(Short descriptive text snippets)
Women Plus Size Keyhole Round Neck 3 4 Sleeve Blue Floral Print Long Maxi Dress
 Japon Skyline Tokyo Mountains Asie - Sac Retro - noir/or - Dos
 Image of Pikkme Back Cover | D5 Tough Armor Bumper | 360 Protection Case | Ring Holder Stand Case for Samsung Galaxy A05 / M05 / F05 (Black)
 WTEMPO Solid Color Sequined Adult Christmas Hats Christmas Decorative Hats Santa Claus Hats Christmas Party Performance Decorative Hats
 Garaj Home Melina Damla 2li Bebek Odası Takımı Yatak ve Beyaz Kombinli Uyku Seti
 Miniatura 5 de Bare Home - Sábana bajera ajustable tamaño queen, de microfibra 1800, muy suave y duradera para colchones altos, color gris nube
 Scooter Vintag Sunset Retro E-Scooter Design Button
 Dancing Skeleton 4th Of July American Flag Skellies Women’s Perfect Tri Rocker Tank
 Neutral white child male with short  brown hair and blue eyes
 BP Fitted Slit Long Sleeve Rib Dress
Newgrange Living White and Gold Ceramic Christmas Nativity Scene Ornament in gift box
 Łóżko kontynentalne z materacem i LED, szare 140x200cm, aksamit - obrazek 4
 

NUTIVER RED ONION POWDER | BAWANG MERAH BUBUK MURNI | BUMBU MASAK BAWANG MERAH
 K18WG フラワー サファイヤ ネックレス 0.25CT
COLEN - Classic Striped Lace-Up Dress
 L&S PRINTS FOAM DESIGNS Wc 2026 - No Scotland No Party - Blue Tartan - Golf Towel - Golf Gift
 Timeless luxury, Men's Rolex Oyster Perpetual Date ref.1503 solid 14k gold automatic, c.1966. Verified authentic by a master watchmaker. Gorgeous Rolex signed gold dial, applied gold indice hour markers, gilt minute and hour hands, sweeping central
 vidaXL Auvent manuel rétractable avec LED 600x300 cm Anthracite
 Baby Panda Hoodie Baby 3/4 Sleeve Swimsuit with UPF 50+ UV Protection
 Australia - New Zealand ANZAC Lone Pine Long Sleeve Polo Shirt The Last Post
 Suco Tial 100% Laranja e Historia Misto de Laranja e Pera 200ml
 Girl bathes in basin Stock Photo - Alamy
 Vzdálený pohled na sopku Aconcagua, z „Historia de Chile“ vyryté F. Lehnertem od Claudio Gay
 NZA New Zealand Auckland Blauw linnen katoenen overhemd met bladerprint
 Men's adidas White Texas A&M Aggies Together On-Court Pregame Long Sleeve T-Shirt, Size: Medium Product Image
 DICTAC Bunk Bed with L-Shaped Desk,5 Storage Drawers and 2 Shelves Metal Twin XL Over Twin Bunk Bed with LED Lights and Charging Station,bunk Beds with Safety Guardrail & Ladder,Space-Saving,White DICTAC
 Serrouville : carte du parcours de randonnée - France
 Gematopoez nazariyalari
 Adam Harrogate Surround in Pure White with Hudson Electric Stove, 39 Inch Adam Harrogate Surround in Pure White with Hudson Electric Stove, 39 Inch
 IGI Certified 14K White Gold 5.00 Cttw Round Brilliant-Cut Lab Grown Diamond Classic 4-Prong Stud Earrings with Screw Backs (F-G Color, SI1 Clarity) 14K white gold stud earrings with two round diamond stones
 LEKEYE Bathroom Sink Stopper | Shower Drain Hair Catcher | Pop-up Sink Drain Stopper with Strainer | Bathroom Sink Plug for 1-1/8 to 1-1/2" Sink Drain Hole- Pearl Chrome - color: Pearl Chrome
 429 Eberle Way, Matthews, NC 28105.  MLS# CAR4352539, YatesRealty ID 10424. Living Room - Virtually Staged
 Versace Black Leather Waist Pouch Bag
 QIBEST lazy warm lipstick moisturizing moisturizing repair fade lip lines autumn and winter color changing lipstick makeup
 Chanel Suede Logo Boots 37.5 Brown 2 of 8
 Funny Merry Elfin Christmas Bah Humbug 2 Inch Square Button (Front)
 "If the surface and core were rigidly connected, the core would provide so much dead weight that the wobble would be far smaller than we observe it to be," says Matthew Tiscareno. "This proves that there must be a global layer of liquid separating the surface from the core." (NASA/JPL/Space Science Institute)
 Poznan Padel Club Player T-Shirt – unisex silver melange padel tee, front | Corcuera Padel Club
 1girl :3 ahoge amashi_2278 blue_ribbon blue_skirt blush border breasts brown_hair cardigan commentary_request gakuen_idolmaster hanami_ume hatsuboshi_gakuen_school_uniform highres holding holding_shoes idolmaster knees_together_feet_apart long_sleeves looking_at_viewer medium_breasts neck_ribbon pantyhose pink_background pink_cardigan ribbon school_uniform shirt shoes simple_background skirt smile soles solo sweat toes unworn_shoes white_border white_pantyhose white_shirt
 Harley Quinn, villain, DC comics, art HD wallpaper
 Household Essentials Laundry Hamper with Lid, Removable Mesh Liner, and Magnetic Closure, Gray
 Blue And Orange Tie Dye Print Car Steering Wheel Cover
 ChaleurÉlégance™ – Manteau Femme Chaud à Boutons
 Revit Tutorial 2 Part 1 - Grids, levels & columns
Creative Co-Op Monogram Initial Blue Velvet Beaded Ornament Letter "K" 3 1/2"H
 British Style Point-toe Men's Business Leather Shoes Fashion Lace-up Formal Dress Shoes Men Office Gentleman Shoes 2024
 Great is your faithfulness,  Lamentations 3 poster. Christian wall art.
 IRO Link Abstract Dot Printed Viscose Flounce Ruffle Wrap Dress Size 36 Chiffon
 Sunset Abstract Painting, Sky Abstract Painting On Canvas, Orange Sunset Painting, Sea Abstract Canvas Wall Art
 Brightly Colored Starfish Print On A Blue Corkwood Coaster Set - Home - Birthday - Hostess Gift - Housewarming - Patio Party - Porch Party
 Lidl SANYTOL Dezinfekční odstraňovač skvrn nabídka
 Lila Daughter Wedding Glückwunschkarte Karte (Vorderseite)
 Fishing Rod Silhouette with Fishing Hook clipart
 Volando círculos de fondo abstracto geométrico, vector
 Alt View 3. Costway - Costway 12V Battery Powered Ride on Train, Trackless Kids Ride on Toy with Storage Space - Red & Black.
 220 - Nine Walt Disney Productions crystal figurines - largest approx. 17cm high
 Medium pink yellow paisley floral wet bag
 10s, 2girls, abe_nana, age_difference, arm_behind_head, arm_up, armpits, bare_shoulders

- **TASK**
Keep only the lines from the one containing "Blue And Orange" through the final line of the records, and transcribe them exactly.

- **TASK RESULT**
 Blue And Orange Tie Dye Print Car Steering Wheel Cover
 ChaleurÉlégance™ – Manteau Femme Chaud à Boutons
 Revit Tutorial 2 Part 1 - Grids, levels & columns
Creative Co-Op Monogram Initial Blue Velvet Beaded Ornament Letter "K" 3 1/2"H
 British Style Point-toe Men's Business Leather Shoes Fashion Lace-up Formal Dress Shoes Men Office Gentleman Shoes 2024
 Great is your faithfulness,  Lamentations 3 poster. Christian wall art.
 IRO Link Abstract Dot Printed Viscose Flounce Ruffle Wrap Dress Size 36 Chiffon
 Sunset Abstract Painting, Sky Abstract Painting On Canvas, Orange Sunset Painting, Sea Abstract Canvas Wall Art
 Brightly Colored Starfish Print On A Blue Corkwood Coaster Set - Home - Birthday - Hostess Gift - Housewarming - Patio Party - Porch Party
 Lidl SANYTOL Dezinfekční odstraňovač skvrn nabídka
 Lila Daughter Wedding Glückwunschkarte Karte (Vorderseite)
 Fishing Rod Silhouette with Fishing Hook clipart
 Volando círculos de fondo abstracto geométrico, vector
 Alt View 3. Costway - Costway 12V Battery Powered Ride on Train, Trackless Kids Ride on Toy with Storage Space - Red & Black.
 220 - Nine Walt Disney Productions crystal figurines - largest approx. 17cm high
 Medium pink yellow paisley floral wet bag
 10s, 2girls, abe_nana, age_difference, arm_behind_head, arm_up, armpits, bare_shoulders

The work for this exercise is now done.